Elbaradei appointed as Egypt’s interim PM
Opposition leader and former UN nuclear agency head named by interim president days after Mohamed Morsi was overthrown.
The Tamarod (rebellion) movement, which engineered mass protests culminating in the overthrow of Islamist president Mohamed Morsi on Wednesday, made the announcement on Saturday after talks with Adly Mansour, Egypt’s new interim leader.
The news of the appointment was greeted with cheers outside Cairo’s Ittihadiya presidential palace, where opponents of Morsi frantically waved Egyptian flags and honked car horns.
It came as the Muslim Brotherhood staged a new show of force in Cairo’s Nasr City district to demand that the military restore Morsi, after dozens of people died and hundreds more were injured in 24 hours of violence.
‘Rejection and anger’
Al Jazeera’s Jamal Elshayyal, reporting from Nasr City, said the reaction from the Morsi’s camp to the appointment of Elbaradei was one of complete rejection and anger.
“One of the protesters here said that the appointment of ElBaradei is a move directed at appeasing the United States and that he served them well, allowing for the invasion of Iraq when he was in the IAEA and will now be their puppet again – we all know he is a puppet.
“Another person said that ElBaradei was even too scared to nominate himself in the elections.
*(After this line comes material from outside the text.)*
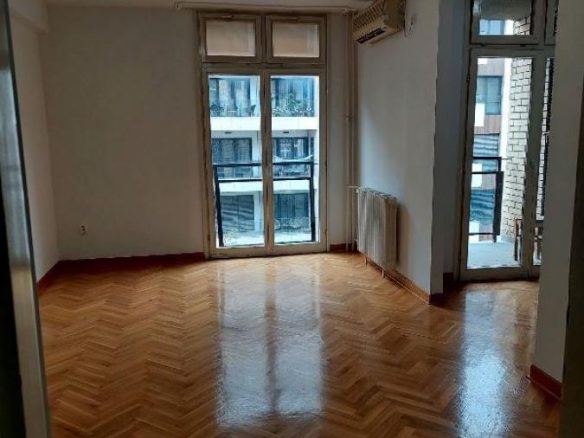 Lokal za izdavanje, Savski Trg, Beograd, 51m², 750 €/mes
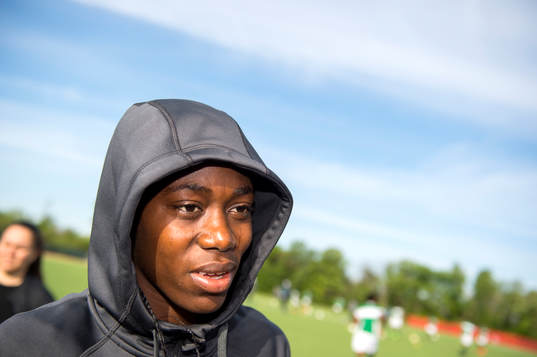 Nigerias Asisat Oshoala bli intervjuad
That’s how little support he has – he needed the army to put him in office. So to sum up the mood here: it is rejection, anger and dismissal,” Elshayyal said.
ElBaradei, who won the Nobel peace prize in 2005 for his work with International Atomic Energy Agency, returned to Egypt in 2010 and became a prominent opponent of former president Hosni Mubarak in the lead-up to the 2011 uprising that overthrew him.
Al Jazeera’s Sherine Tadros, reporting from Cairo, said the main question is how much power ElBaradei will have in his new role as interim prime minister.
“[ElBaradei's appointment] is not really a surprise. He was sitting next toGeneral Abdel Fattah al-Sisi when he announced the ouster of President Morsi, which already indicated that ElBaradei was to take up an important role in the new government,” Tadros said.
“Many people are asking ‘why now’ has he taken this post when he was offered it before under the military and said it was a sham democracy and that he didn’t want to be part of the process. And now that he is taking up the post, people are asking what sort of guarantees has the military given ElBaradei for him agree on this role,” she added.
ElBaradei, who resigned from his political party Al Dostour to focus on new role, was scheduled to be sworn in at 8pm (18:00 GMT).